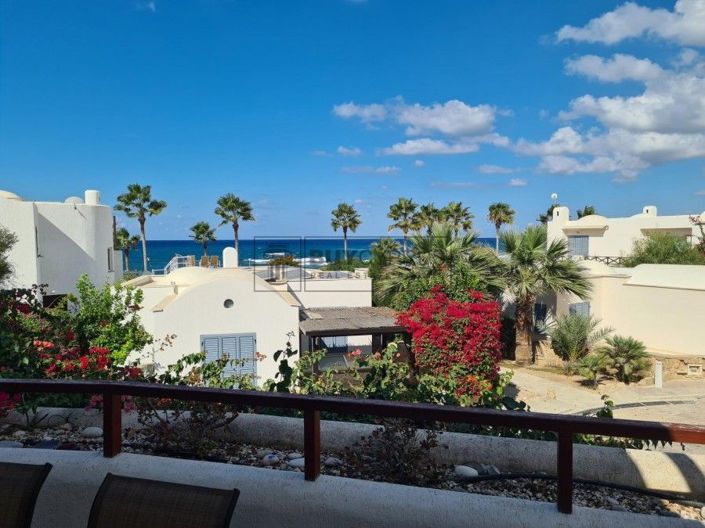 Image No.1-6 Bed Villa for sale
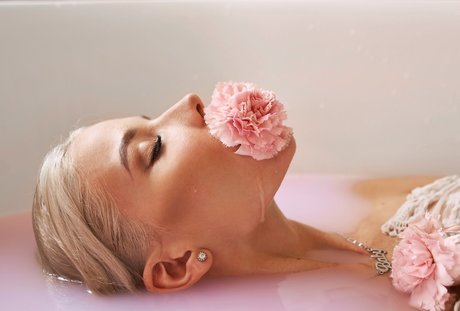 promi-schwulen-onlyfans freie kunst bild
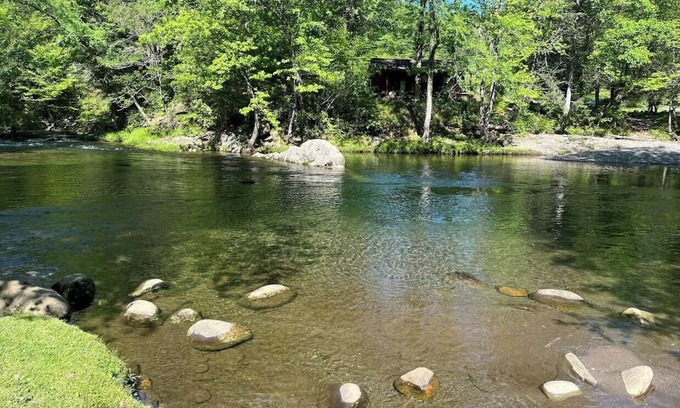 Pittman Center Cabin | Riverside Cabin, minutes to Downtown Gatlinburg! Includes tickets to Dollywood, Anakeesta,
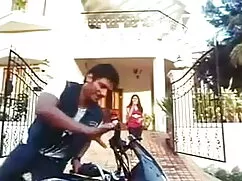 बिस्तर बीवीआर पर सुन ...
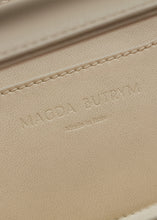 Load image into Gallery viewer, PF24 APOLONIA BAG CREAM LEATHER
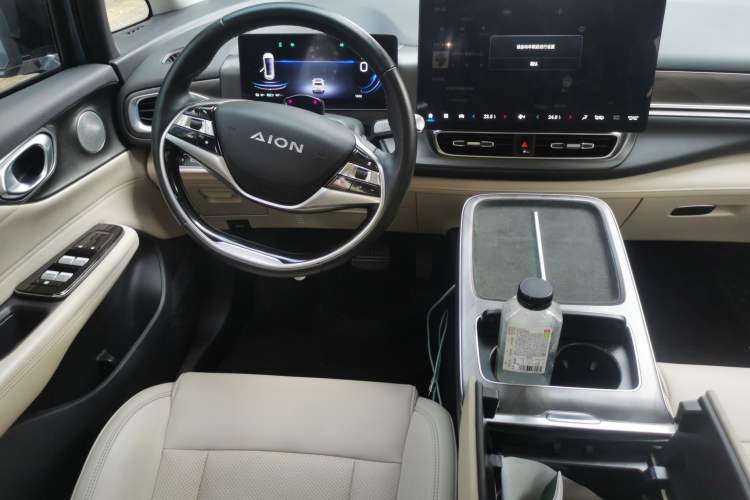 Used AION V 2024 Plus 80 Tech Edition Ternary Lithium Steering Wheel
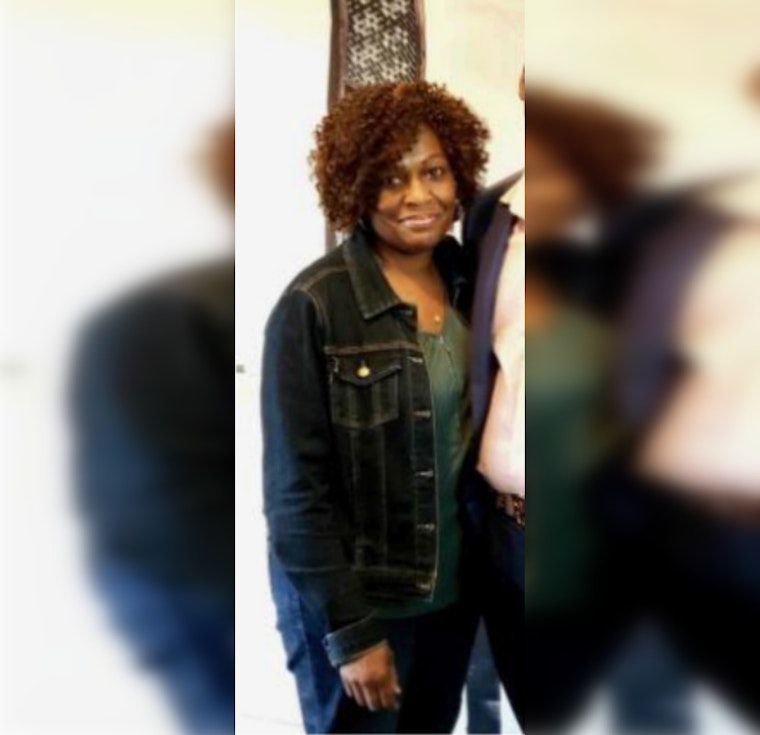 62-Year-Old Woman with Dementia Vanishes from Chicago Home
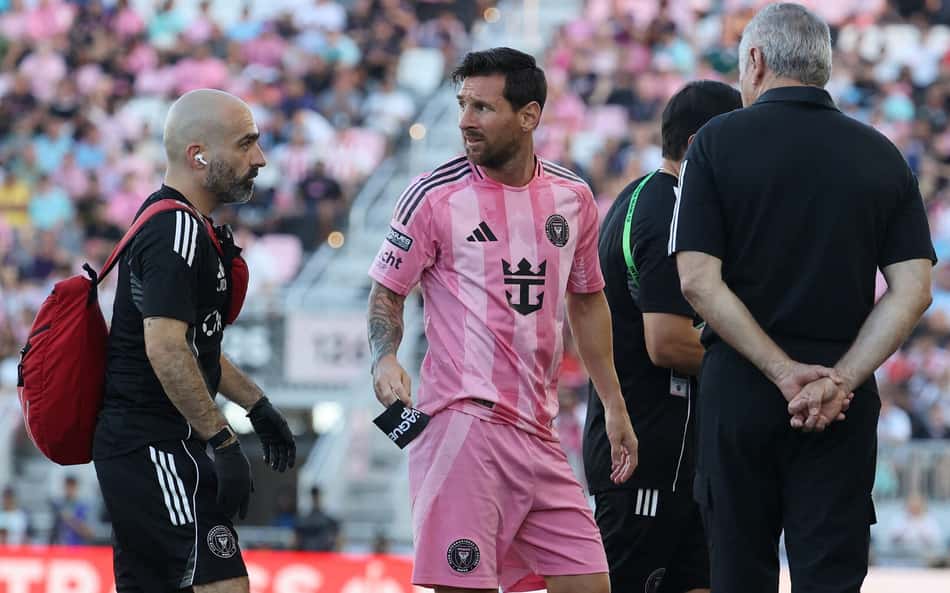 Messi sai lesionado em jogo do Inter Miami pela Leagues Cup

————————

• WORK TO COMPLETE:
With the pictures removed, please retype each record exactly.

• THE COMPLETED TASK:
 Image No.1-6 Bed Villa for sale
 promi-schwulen-onlyfans freie kunst bild
 Pittman Center Cabin | Riverside Cabin, minutes to Downtown Gatlinburg! Includes tickets to Dollywood, Anakeesta,
 बिस्तर बीवीआर पर सुन ...
 Load image into Gallery viewer, PF24 APOLONIA BAG CREAM LEATHER
 Used AION V 2024 Plus 80 Tech Edition Ternary Lithium Steering Wheel
 62-Year-Old Woman with Dementia Vanishes from Chicago Home
 Messi sai lesionado em jogo do Inter Miami pela Leagues Cup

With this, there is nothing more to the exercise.